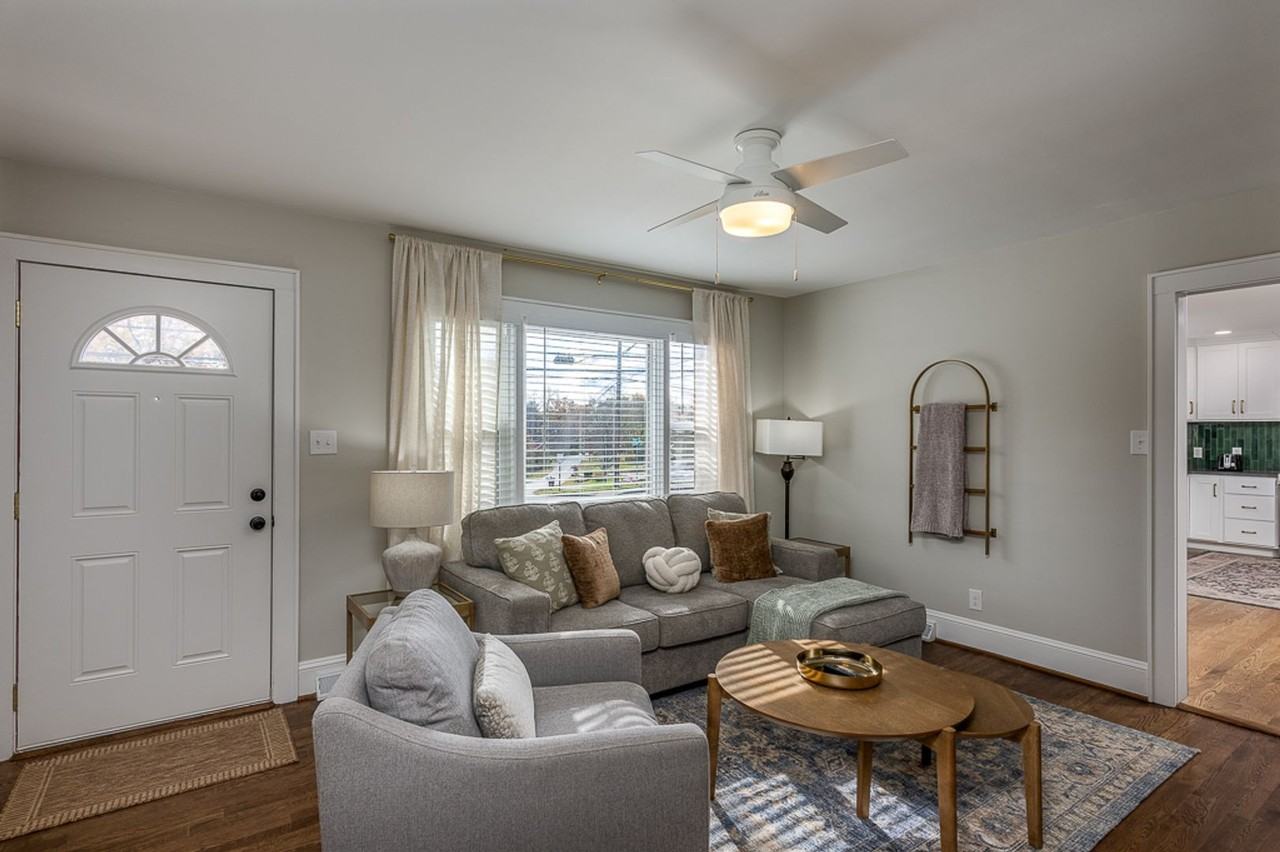 2131 Polo Rd - Photo 2 of 23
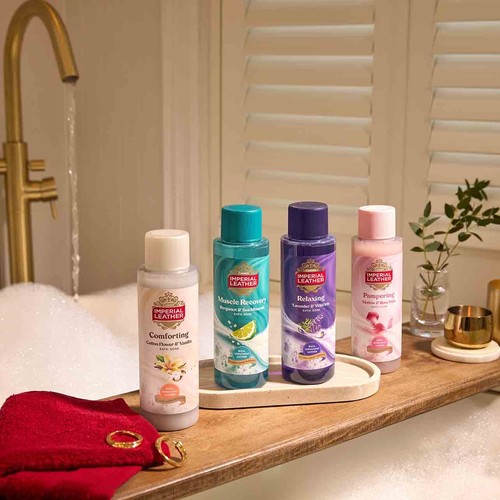 Imperial Leather Pampering Bath Soak Mallow & Rose Milk thumbnail 4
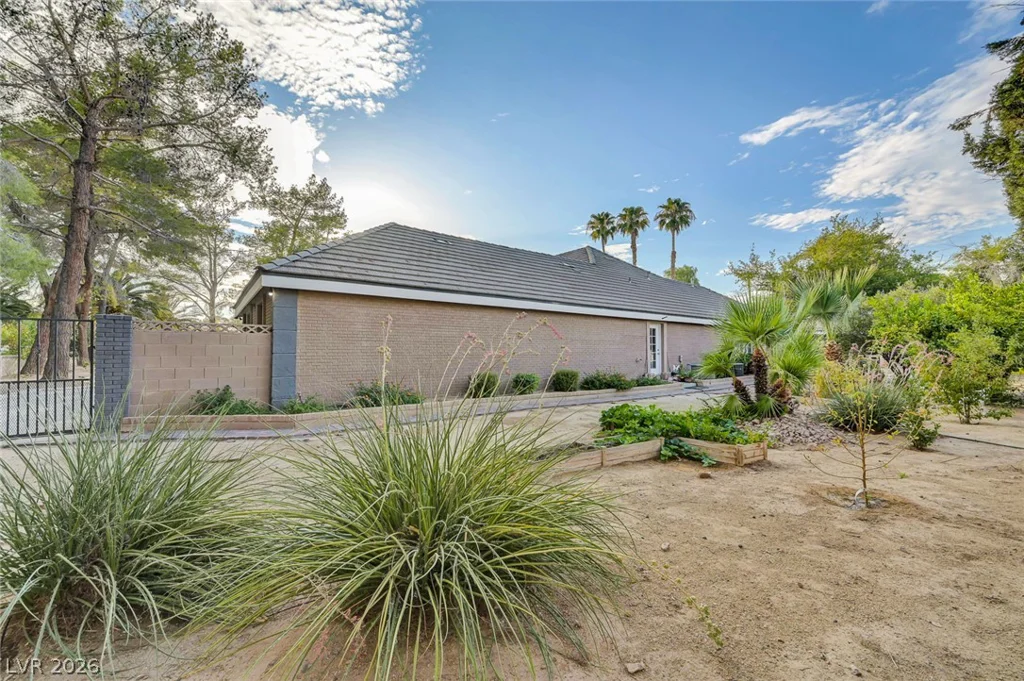7258 Loma Alta, Las Vegas, NV 89120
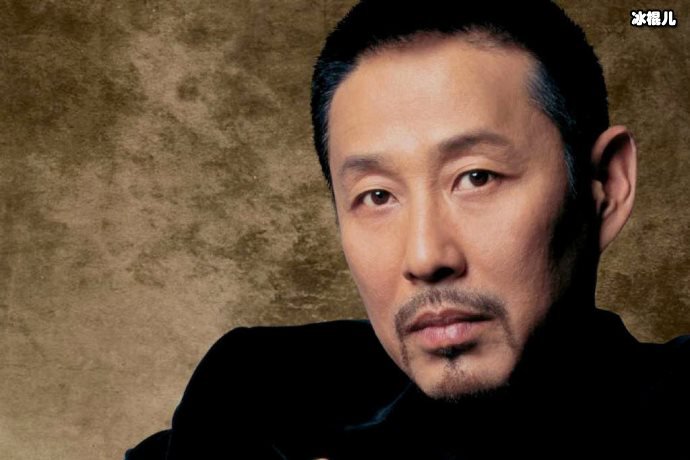 与陈道明合作一炮而红，和导演一见钟情生活27年无名无份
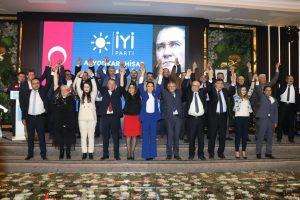 İYİ Parti Afyonkarahisar Milletvekili aday adayı Hakan Şeref Olgun, partililerle iftarda buluştu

________

## Problem statement
Starting at the line with "与陈道明合作一炮而红，和导演一见钟情生活27年无名无份", output each line through the final one of the listing above, and nothing else. Pictures are to be left out.

## Task result
 与陈道明合作一炮而红，和导演一见钟情生活27年无名无份
 İYİ Parti Afyonkarahisar Milletvekili aday adayı Hakan Şeref Olgun, partililerle iftarda buluştu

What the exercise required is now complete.